Growth in contactless payments was greatly accelerated by the global pandemic, and today they are increasingly becoming a preferred payment method.
Last year, Visa’s global networks handled an estimated $13 trillion in contactless transactions. That staggering figure means retailers still relying on traditional payment methods are getting left further and further behind. Today, it’s not a nice-to-have, but a must-have that consumers expect.
But what exactly do we mean when we talk about “contactless” payments?
Contactless means a lot more than just tap-enabled credit and debit cards these days.
The primary use-case people are familiar with is payments that are made using near-field-communication (NFC) technology embedded into credit and debit cards, in which people tap their card on a payment terminal.
NFC capability is also an increasingly popular feature on smartphones, which enables smartphones to make tap payments through mobile wallet services like Apple Pay and Samsung Wallet.
However, perhaps a bit confusingly, peer-to-peer (P2P) mobile payment apps like PayPal and Venmo also function as mobile wallets, and are generating huge transaction volumes.

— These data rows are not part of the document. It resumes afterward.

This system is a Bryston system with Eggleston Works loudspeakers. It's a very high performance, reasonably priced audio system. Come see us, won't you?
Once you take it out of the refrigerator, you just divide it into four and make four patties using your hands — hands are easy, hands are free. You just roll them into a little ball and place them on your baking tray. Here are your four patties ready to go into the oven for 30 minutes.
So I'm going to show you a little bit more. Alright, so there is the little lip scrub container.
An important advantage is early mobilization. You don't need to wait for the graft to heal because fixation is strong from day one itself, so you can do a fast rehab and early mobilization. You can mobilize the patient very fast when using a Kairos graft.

So “contactless payment” is an umbrella term encompassing tap-enabled credit and debit-cards, tap-enabled smartphone payment services like Apple Pay, and P2P payment services like Venmo.

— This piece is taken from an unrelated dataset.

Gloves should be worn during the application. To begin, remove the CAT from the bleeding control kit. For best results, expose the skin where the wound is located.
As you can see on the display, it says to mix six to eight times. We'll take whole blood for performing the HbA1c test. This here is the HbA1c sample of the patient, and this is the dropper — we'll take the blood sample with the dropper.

Because of the unsecured nature of contactless payments — consumers don’t have to sign or enter a PIN — the payment limits on contactless payments are typically pretty low. (Although payment limits were raised early in the pandemic to facilitate social distancing.) Contactless payment limits in the United States and Canada are roughly similar when exchange rate is factored in: $250 CAD in Canada compared to $200 USD in the United States.
It’s possible that contactless payment limits may go higher, given that contactless payment fraud is a very small portion of overall contactless payments. British banking body UK Finance found that out of the £66.5 billion spent in the first half of 2021, only 1.1% of payments (£7.6 million) were fraudulent, which it calls “a tiny proportion” of overall transactions.
The biggest trend to watch? Mobile wallets.
More than 2.8 billion mobile wallets were in use at the end of 2020. Additionally, a 2022 study by McKinsey found that more than two-thirds of Americans expected to have a digital wallet within two years. That same study found that the share of consumers intending to use three or more digital wallets within two years grew from 18% in 2021 to 30% in 2022.
Mobile wallets are also driving a lot of spending. As of February 2023, reporting from Datareportal showed that 30% of B2C eCommerce transactions in the United States were attributable to digital and mobile wallets. As for P2P mobile wallets, it’s predicted they will generate more than $1 trillion in transaction volumes in 2023.
So, what are consumers looking for in a mobile wallet service?
Consumer sentiment on that front is decidedly mixed. When asked what types of companies from which they would want a digital wallet, 54% of consumers said they would prefer a digital wallet provided by a bank. Slightly less more than half that number (28%) said they would digital wallets provided by a smartphone or other device manufacturer. The remaining 18% was split between retail wallets (12%) and telecom wallets (6%).
However, while desire for wallets operated by retailers was in the clear minority, that same study showed that many consumers are interested in retail bonuses:
- 43% said they would be interested in store loyalty rewards.
- 26% said they would be interested in one-time deals.
Another up-and-coming trend: smartphones being used as retailers’ payment terminals.
This technology has different names, depending on who’s talking about it. Visa, as well as some other smaller payment service providers call this tap-to-mobile (TTM), while those in the retail sector typically refer to it as mobile point-of-sale (mPOS).
Whatever you call it, the benefits for small and mid-sized businesses (SMBs) are obvious, as the only thing required to accept contactless payments is an app on an NFC-capable smartphone. However, TTM/mPOS isn’t just for SMBs. The technology is starting to be seen in large food and retail chains as well (including my local Starbucks).
Contactless payments aren’t the future of retail. They’re today’s reality.
As contactless payments continue to grow, retailers need to adapt and provide customers with the payment options they want. If you’re not already offering contactless payment options, now is the time to make the switch.